Wondershaper Must Die (editorial by Dave Taht)

Note: This editorial was written in December 2013, and has been updated from time to time. But what should you use instead of Wondershaper? CeroWrt’s full suite of SQM shaping is now available in OpenWrt and more recently, the LEDE Project. Use SQM - it works great.

Wondershaper was great for its time (2002). It was one of the first integrated Smart Queue Management systems, incorporating packet scheduling (SFQ), rate limiting, policing, and QoS in a tiny amount of easily understandable code. It spread around the internet like wildfire back then. Nearly every cybercafe I’ve been in, from the US to Sri Lanka to Nicaragua, deploys it or some variant thereof to keep latencies low and web/gaming/voice traffic optimal for dozens of users. Dozens of more sophisticated Smart Queue Management scripts are descended from it. It worked well in its target environments. And yet, WonderShaper’s currently wrong, so wrong, for today’s internet. Much better alternatives exist.

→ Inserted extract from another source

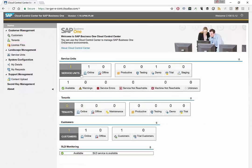And here we can see that we have a service unit, we don't have a tenant yet, and we already have a customer. So that's important.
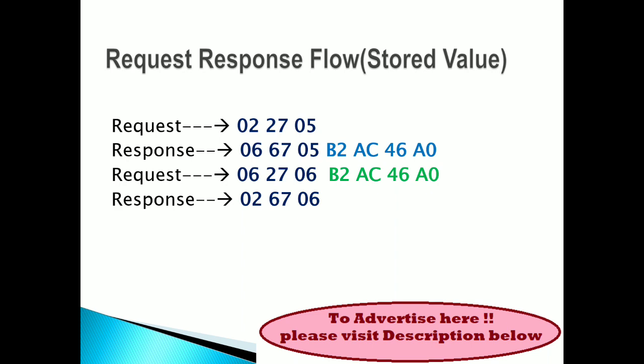I already mentioned the security access. If you are not aware, you can go back to our previous tutorial. I have given the security access where I explained the relation between key and seed value of sub functions like 1, 2, 3, 4. Here I have mentioned like 5 and 6.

To a huge extent the eventual development of fq_codel was driven by systematically addressing the faults in wondershaper, and coming up with new techniques to handle today’s wider variety of environments and bandwidths. Our thinking ultimately led to the publication of the smart queue-ing manifesto .

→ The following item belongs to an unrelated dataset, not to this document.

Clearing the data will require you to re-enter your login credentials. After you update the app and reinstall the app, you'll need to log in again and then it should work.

Recently I’ve seen new activity making wondershaper (wondershaper “NG”) easier to use, and getting it into more distros, without addressing the underlying faults. I am VERY GLAD people are trying to update it, as it has a well-deserved reputation, and I sure wish we could update the original definition of it, or create a wondershaper2, that was actually more correct for today’s environments, AND fix all the web references to it.

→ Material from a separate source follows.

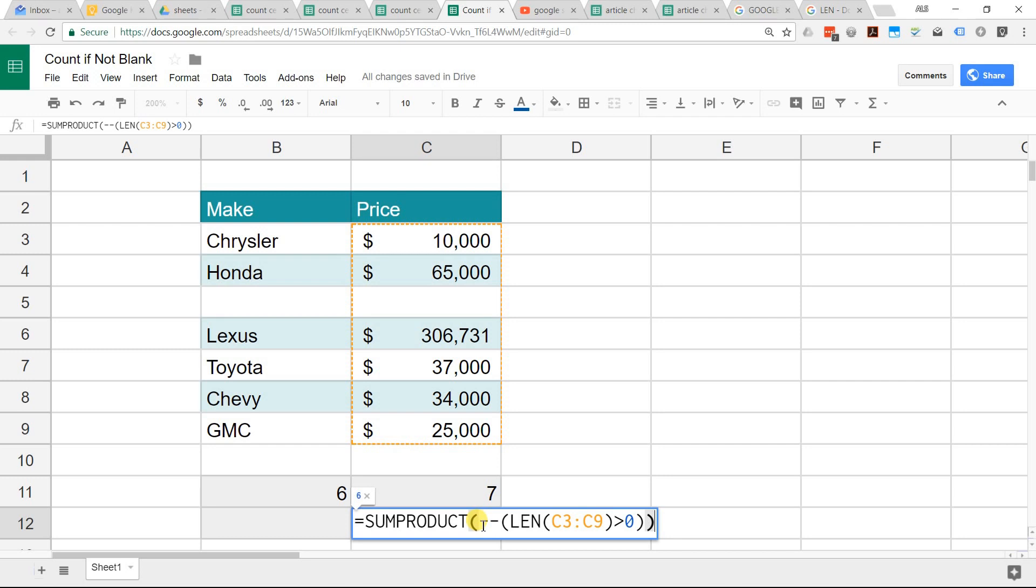If you look at the function that's in cell C12, it's saying add up everything that this function LEN returns something greater than zero. This function is counting the number of characters.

But: the flaws are so legion and in nearly every line of code, that the best I can hope for is to get the newer maintainers to at least address the low lying fruit in it, and for my own efforts to continue with the alternate line of work that is in CeroWrt’s SQM system.

Wondershaper is a fine example of tight, well written, undercommented code that doesn’t work right anymore. So I’m going to paste the original code here and comment on it in the hope that one day a better example emerges, and as an object lesson that a smart network queue-ing system that worked well yesterday may not work tomorrow.

Ironically… when the bufferbloat project started in 2011, I’d called up Jim Gettys, told him I understood him, and volunteered to write this article explaining all that was wrong with wondershaper (that I had learned from a decade of using derivatives) I also agreed to loan him a server… It’s now 3 years of nearly full time work on bufferbloat later and I’m just now getting around to writing the original intended rant. My comments on the code are in ##s.

Wondershaper annotated source code

#!/bin/bash
# Wonder Shaper
# please read the README before filling out these values 
#
# Set the following values to somewhat less than your actual download
# and uplink speed. In kilobits. Also set the device that is to be shaped.

DOWNLINK=800
UPLINK=220
DEV=ppp0

## At the time wondershaper was developed, DSL MTUs were typically 584 bytes
## and encapsulation-aware techniques that compensated for ATM and PPPoE didn't
## exist. An entire masters thesis got written by Jesper Brouer on fixing htb to
## to work right with ATM framing and the code landed in the kernel in 2005.
## http://www.adsl-optimizer.dk/

## Wondershaper was pretty optimal at 800kbit down 220 up, in 2002. That was when
## IW2 (Sending 2 584 byte packets in TCP's Initial Window) was used... and
## web pages averaged in size of 70k, and coexisted with ssh traffic and voip.
## It didn't scale up then, and doesn't work well at all now, at any bandwidth.
## See the plots at the bottom of this set of comments

# low priority OUTGOING traffic - you can leave this blank if you want
# low priority source netmasks
NOPRIOHOSTSRC=

## NAT was not widely deployed at the time. Optimizing for source addresses
## doesn't WORK for Natted hosts in this code.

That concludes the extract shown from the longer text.